Parlamento da Venezuela aprova lei de anistia para presos políticos

O Parlamento da Venezuela aprovou por unanimidade uma lei de anistia para presos políticos, proposta pela presidente interina Delcy Rodríguez. A medida, aprovada em 19 de fevereiro, prevê a libertação de detidos por razões políticas e o cancelamento de mandados de prisão. No entanto, relatos divergem sobre se o texto já foi sancionado pela presidente.

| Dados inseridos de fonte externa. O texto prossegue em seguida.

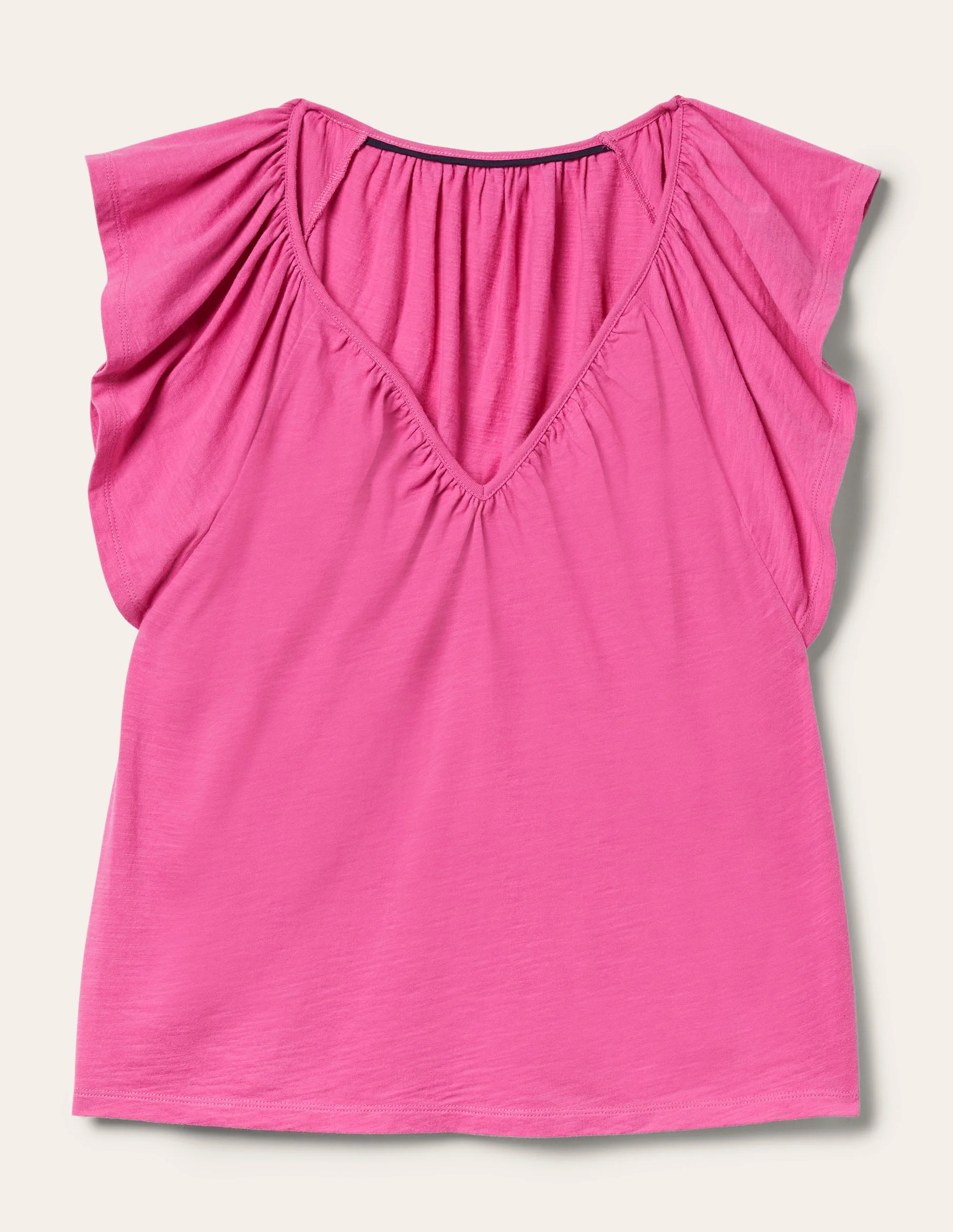 T-Shirt mit V-Ausschnitt und Flatterärmeln-Rosa, Weltraum - Image 5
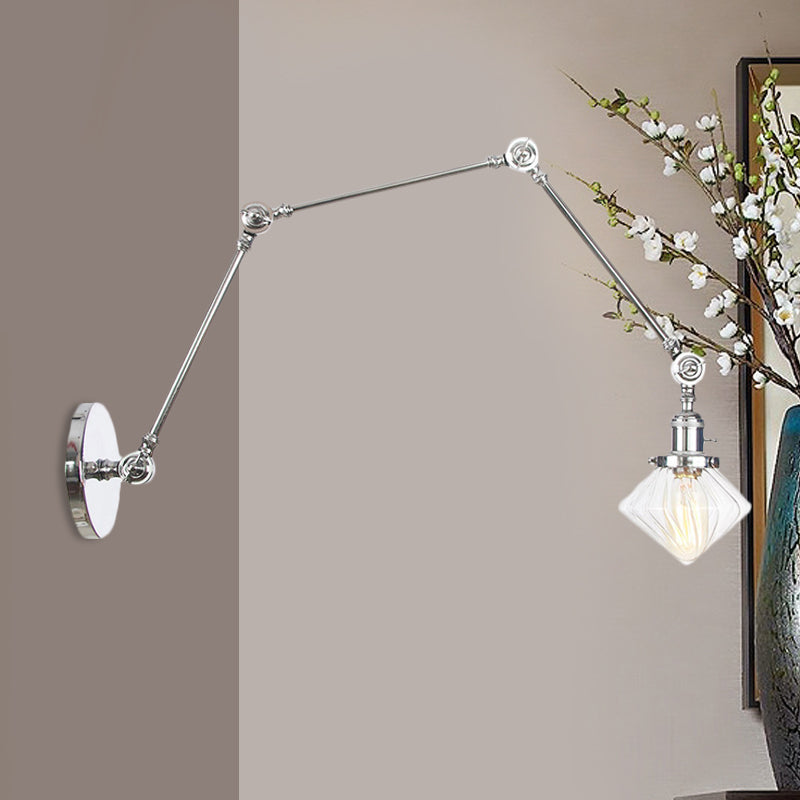 Vintage Wall Mounted Dining Room Sconce Light 1-Light With Glass Shade Adjustable Arm -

O Parlamento da Venezuela, por meio da Assembleia Nacional, aprovou em 19 de fevereiro uma lei de anistia para presos políticos, em votação unânime, similar à primeira rodada de consultas realizada em 5 de fevereiro. A proposta foi impulsionada pela presidente interina Delcy Rodríguez, que assumiu o poder após a captura de Nicolás Maduro em uma operação militar dos Estados Unidos em 3 de janeiro. De acordo com uma reportagem, o texto foi sancionado imediatamente por Rodríguez, sob pressão de Washington e do presidente Donald Trump, a quem o governo cedeu parcialmente o controle do petróleo venezuelano.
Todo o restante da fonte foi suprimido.